### The task:
Excluding images, repeat the data exactly as given.
- - -
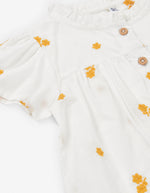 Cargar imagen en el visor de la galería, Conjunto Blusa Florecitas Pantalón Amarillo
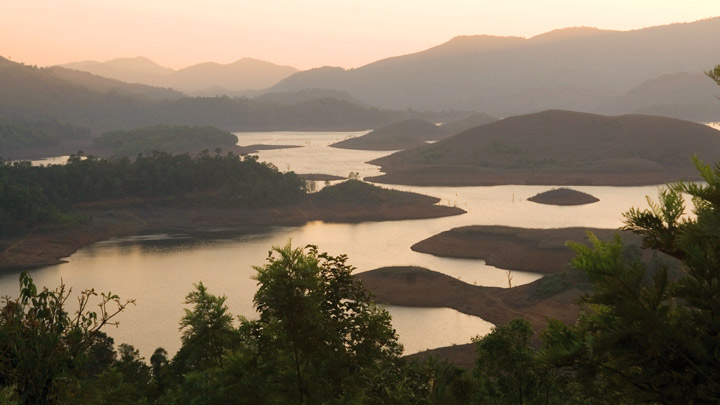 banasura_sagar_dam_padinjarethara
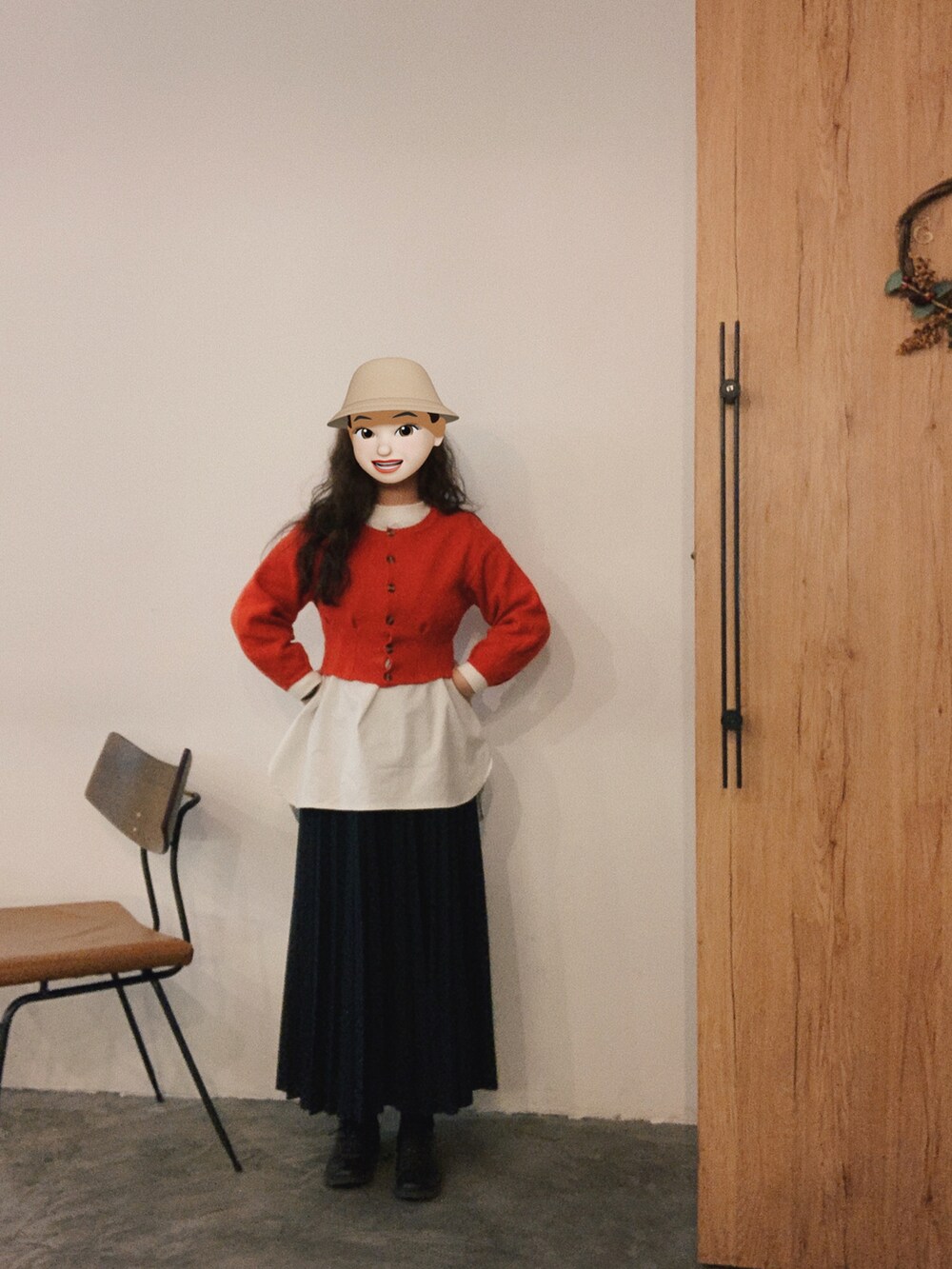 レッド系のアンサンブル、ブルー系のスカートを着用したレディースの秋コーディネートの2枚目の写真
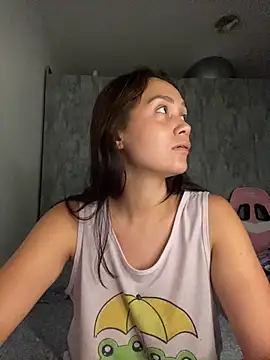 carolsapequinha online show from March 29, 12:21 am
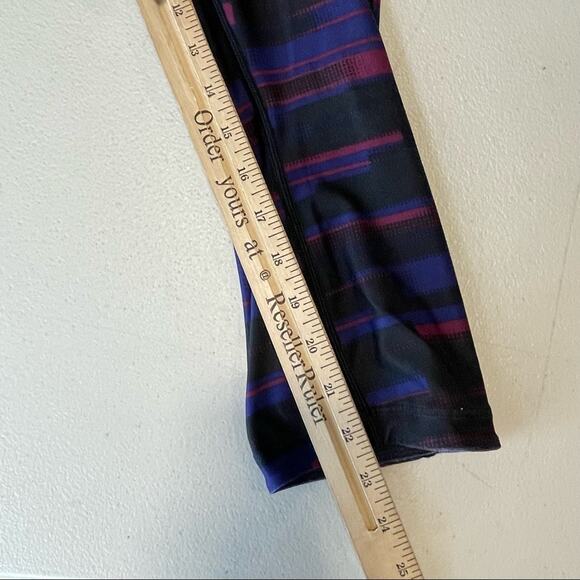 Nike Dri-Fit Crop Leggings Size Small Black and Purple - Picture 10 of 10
- - -
### Expected output:
 Cargar imagen en el visor de la galería, Conjunto Blusa Florecitas Pantalón Amarillo
 banasura_sagar_dam_padinjarethara
 レッド系のアンサンブル、ブルー系のスカートを着用したレディースの秋コーディネートの2枚目の写真
 carolsapequinha online show from March 29, 12:21 am
 Nike Dri-Fit Crop Leggings Size Small Black and Purple - Picture 10 of 10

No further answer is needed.